Vets have true values in happiest U.S. state
Lt. Gov. Sheehy thanks veterans, families for sacrifices past, now.
Nebraska’s lieutenant governor is happy he lives in Nebraska.
During the opening of a speech to veterans on Nov. 11, Rick Sheehy talked about an encounter with Good Morning America television journalists who visited Hastings after Nebraska was declared the happiest state in the country.“They didn’t want to go to Lincoln or Omaha, they wanted to see cows, pigs and corn,” Sheehy said of their visit last spring. “But the corn wasn’t up yet.”

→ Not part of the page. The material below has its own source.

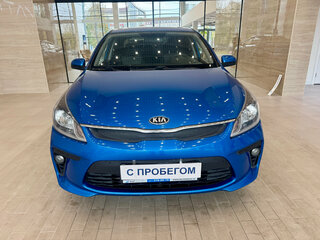 2019 Kia Rio IV, серебристый, 1149990 рублей, вид 2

The journalists interviewed Sheehy, business people and the mayor of Hastings and left. When the story aired, Sheehy was en route to Lincoln but called his wife who said the interviewees did a good job of representing Hastings.
“The mayor and business people made it (on the air) but not me,” he said with a laugh.
The Cornhusker State was named the happiest because of low unemployment rates, fewer home mortgage foreclosures and personal income compared to debt, Sheehy said.
“Why I talk about the happiest state is because of the people,” he said. “I get a warm reception wherever I go because of people like you here tonight who hold true values.”
Veterans in Nebraska play a major role that “we are learning is more and more important.”
Sheehy then read Governor Dave Heineman’s proclamation of Veterans Day recognizing the service of more than 165,000 Nebraska veterans.
The proclamation encouraged Nebraskans to remember the service and sacrifice of the nation’s veterans and military personnel.
“I thank you for your service and the legacy passed to those serving today,” he said. “I’m here tonight to honor each of you and personally express thanks of your willingness to defend freedom and protect our way of life.”
He noted that the work of veterans’ organizations is another part of the legacy of those who put themselves in harm’s way.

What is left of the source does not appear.